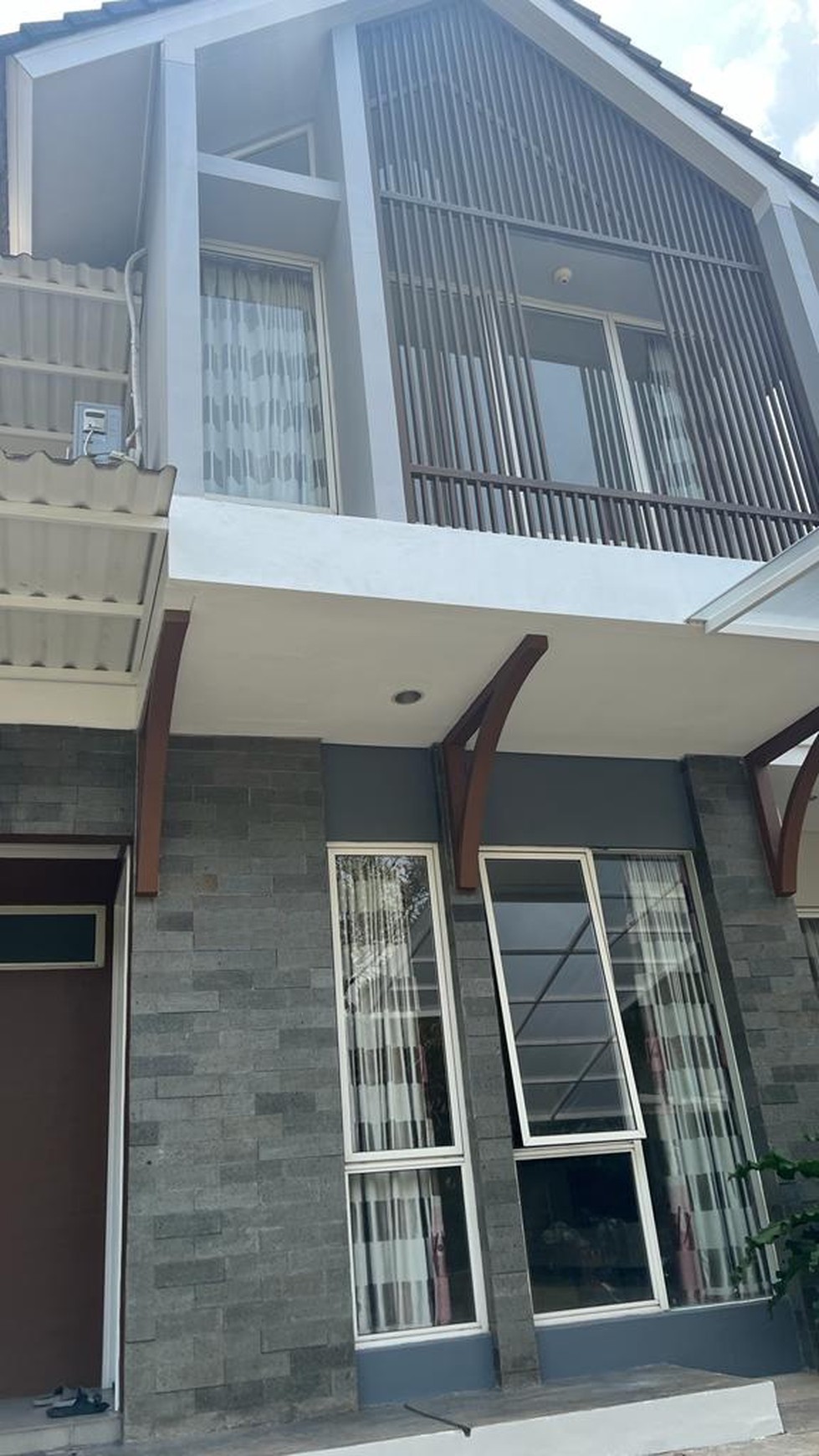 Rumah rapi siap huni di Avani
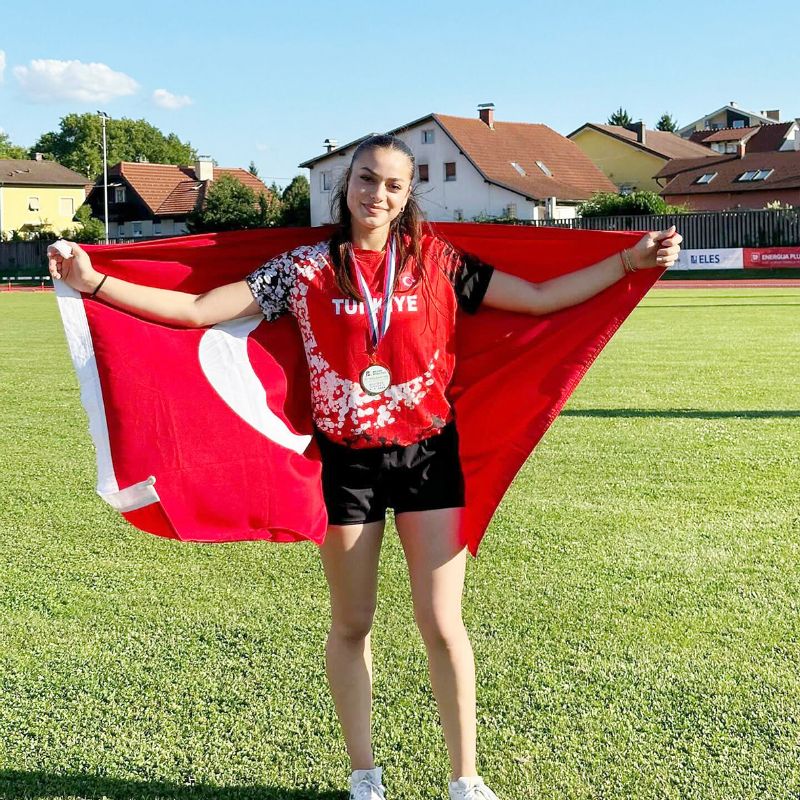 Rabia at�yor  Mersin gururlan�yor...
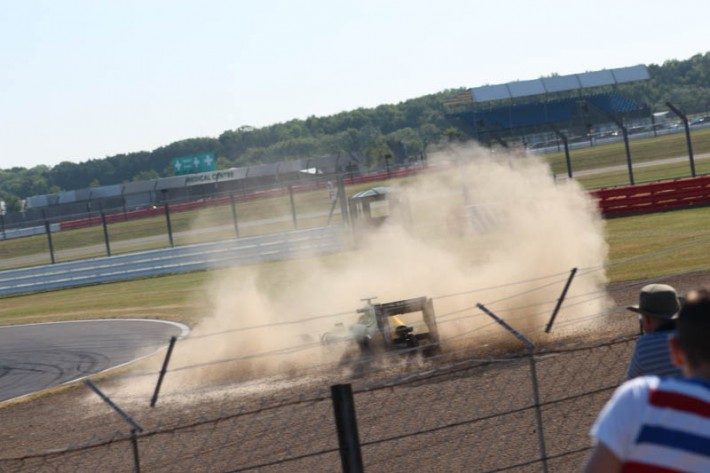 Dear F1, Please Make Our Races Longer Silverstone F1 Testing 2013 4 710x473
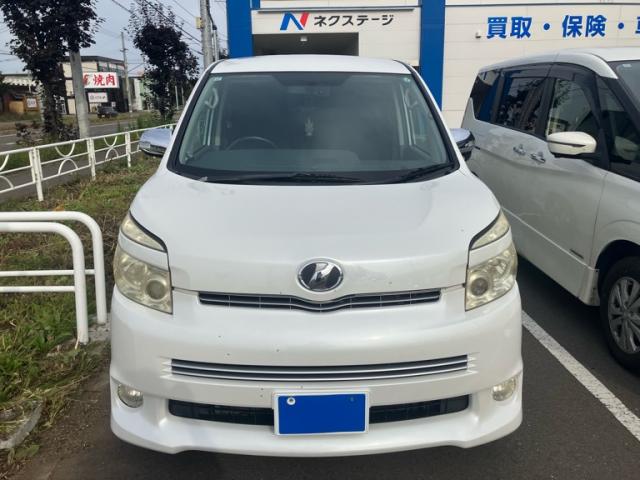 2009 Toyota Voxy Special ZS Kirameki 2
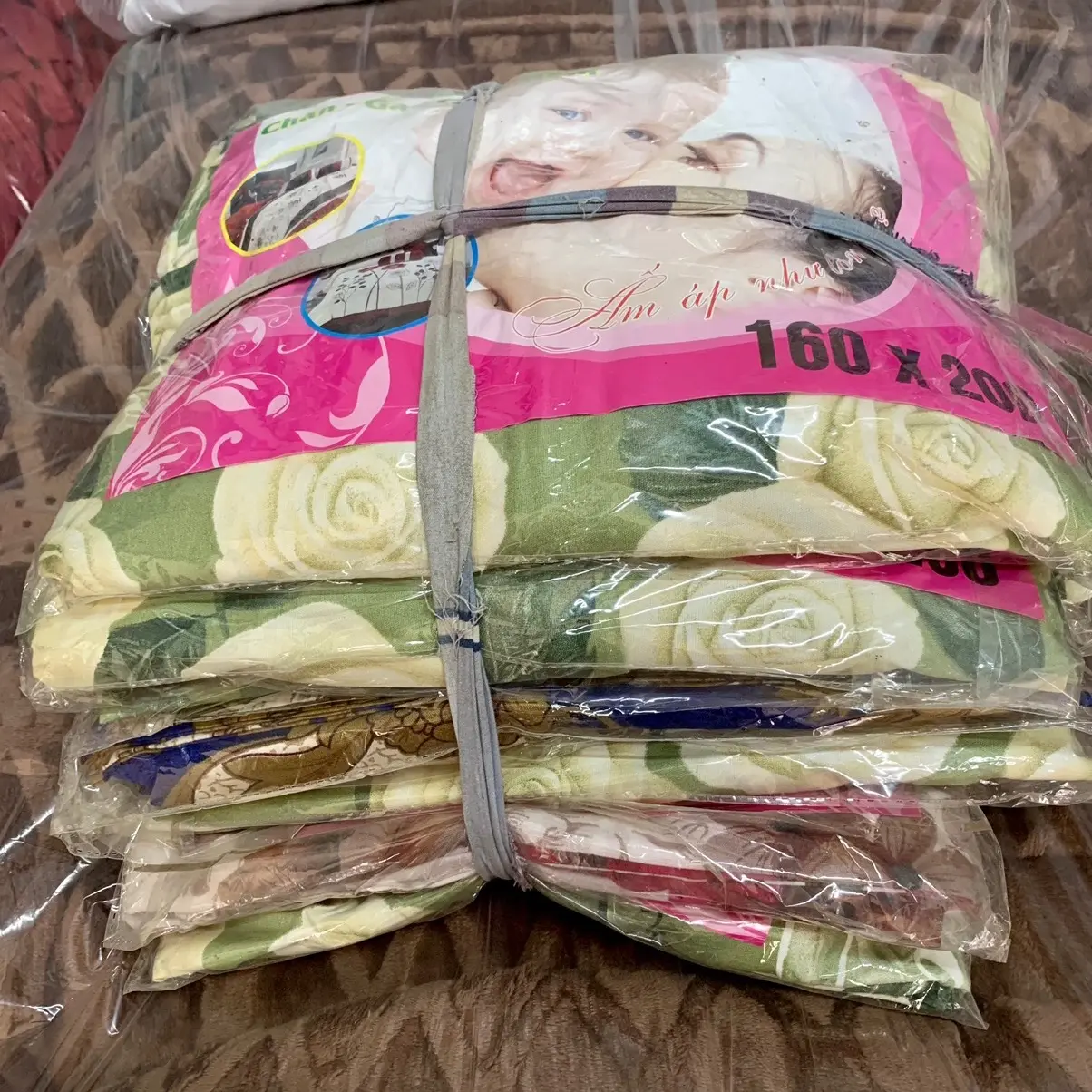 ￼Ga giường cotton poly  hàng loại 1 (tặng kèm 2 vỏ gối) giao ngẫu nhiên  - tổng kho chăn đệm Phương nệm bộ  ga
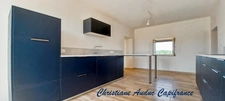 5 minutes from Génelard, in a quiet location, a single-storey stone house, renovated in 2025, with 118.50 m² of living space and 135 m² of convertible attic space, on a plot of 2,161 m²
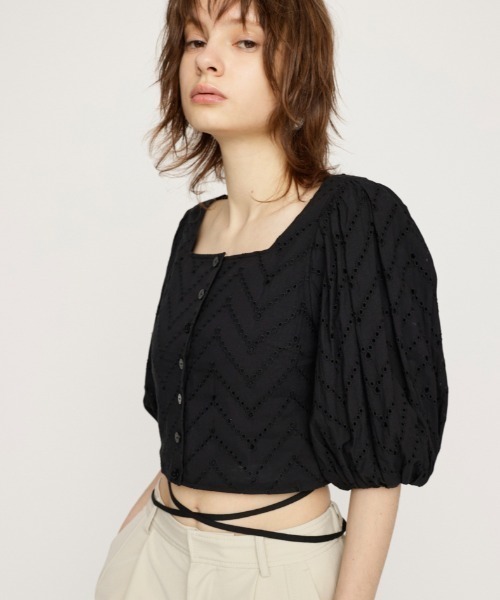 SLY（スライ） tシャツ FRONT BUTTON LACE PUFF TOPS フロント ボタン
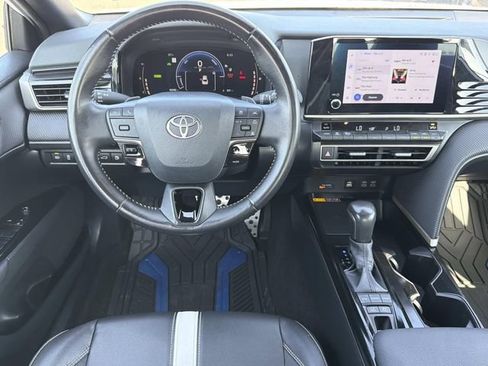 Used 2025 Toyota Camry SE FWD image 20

Exercise brief -
In full and without error, repeat the listing above, omitting its images.

Output -
 Rumah rapi siap huni di Avani
 Rabia at�yor  Mersin gururlan�yor...
 Dear F1, Please Make Our Races Longer Silverstone F1 Testing 2013 4 710x473
 2009 Toyota Voxy Special ZS Kirameki 2
 Ga giường cotton poly  hàng loại 1 (tặng kèm 2 vỏ gối) giao ngẫu nhiên  - tổng kho chăn đệm Phương nệm bộ  ga
 5 minutes from Génelard, in a quiet location, a single-storey stone house, renovated in 2025, with 118.50 m² of living space and 135 m² of convertible attic space, on a plot of 2,161 m²
 SLY（スライ） tシャツ FRONT BUTTON LACE PUFF TOPS フロント ボタン
 Used 2025 Toyota Camry SE FWD image 20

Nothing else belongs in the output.